→ **Task statement**:
Reply with the data below, repeated exactly in full.

→ **Input data**:
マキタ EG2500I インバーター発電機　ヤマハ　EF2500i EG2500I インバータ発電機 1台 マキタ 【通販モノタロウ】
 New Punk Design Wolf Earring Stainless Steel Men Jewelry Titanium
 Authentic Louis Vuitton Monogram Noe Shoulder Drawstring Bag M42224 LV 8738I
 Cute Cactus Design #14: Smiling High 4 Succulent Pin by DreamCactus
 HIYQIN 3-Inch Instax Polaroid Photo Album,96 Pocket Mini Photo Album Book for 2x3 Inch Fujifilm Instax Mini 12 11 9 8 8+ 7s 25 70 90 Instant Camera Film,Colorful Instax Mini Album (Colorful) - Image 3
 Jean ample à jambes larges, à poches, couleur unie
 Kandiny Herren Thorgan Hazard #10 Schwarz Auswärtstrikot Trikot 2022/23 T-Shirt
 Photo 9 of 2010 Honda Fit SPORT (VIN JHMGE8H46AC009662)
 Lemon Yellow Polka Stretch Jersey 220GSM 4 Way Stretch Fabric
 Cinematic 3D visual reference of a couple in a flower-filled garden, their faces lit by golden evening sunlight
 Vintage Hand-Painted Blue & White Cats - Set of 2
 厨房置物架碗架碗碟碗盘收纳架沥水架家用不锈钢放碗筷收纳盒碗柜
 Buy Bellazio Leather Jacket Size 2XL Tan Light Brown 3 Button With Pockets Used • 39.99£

→ **Solution for this exercise**:
マキタ EG2500I インバーター発電機　ヤマハ　EF2500i EG2500I インバータ発電機 1台 マキタ 【通販モノタロウ】
 New Punk Design Wolf Earring Stainless Steel Men Jewelry Titanium
 Authentic Louis Vuitton Monogram Noe Shoulder Drawstring Bag M42224 LV 8738I
 Cute Cactus Design #14: Smiling High 4 Succulent Pin by DreamCactus
 HIYQIN 3-Inch Instax Polaroid Photo Album,96 Pocket Mini Photo Album Book for 2x3 Inch Fujifilm Instax Mini 12 11 9 8 8+ 7s 25 70 90 Instant Camera Film,Colorful Instax Mini Album (Colorful) - Image 3
 Jean ample à jambes larges, à poches, couleur unie
 Kandiny Herren Thorgan Hazard #10 Schwarz Auswärtstrikot Trikot 2022/23 T-Shirt
 Photo 9 of 2010 Honda Fit SPORT (VIN JHMGE8H46AC009662)
 Lemon Yellow Polka Stretch Jersey 220GSM 4 Way Stretch Fabric
 Cinematic 3D visual reference of a couple in a flower-filled garden, their faces lit by golden evening sunlight
 Vintage Hand-Painted Blue & White Cats - Set of 2
 厨房置物架碗架碗碟碗盘收纳架沥水架家用不锈钢放碗筷收纳盒碗柜
 Buy Bellazio Leather Jacket Size 2XL Tan Light Brown 3 Button With Pockets Used • 39.99£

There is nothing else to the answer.